● INSTRUCTIONS TO FOLLOW
Look through the material below. Return exactly the lines from the one with "Чехол-накладка для Realme" through the one with "Phanteks PH-XT523V1_DWT01 Case", both included.

● MATERIALS PROVIDED
────
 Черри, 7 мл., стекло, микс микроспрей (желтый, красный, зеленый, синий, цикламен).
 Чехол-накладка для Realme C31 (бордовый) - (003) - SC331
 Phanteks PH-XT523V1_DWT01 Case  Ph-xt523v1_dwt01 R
────
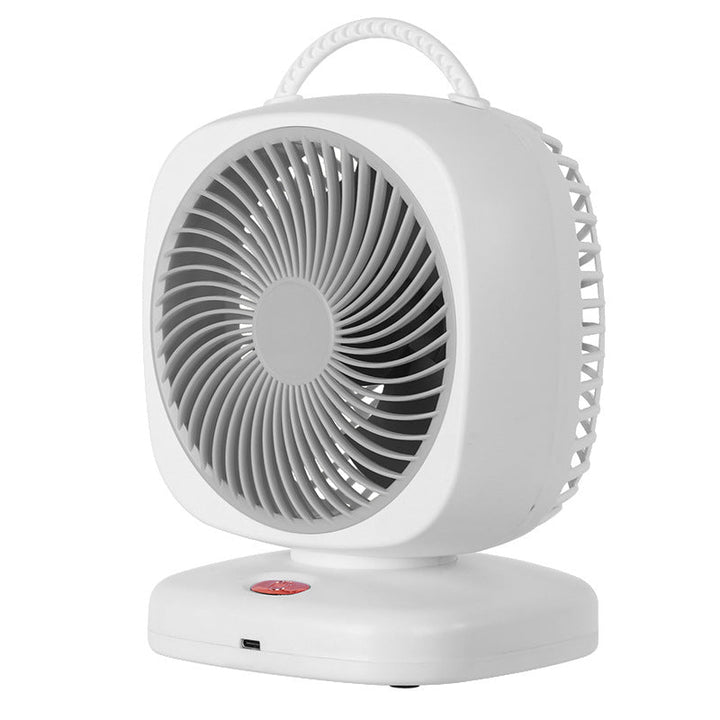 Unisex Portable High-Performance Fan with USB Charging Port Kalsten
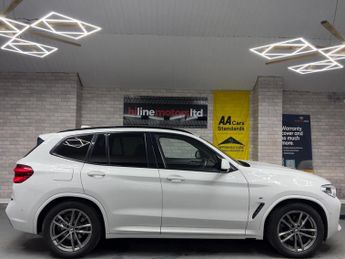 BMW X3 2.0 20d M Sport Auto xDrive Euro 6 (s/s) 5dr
────
● RESPONSE BOX
 Чехол-накладка для Realme C31 (бордовый) - (003) - SC331
 Phanteks PH-XT523V1_DWT01 Case  Ph-xt523v1_dwt01 R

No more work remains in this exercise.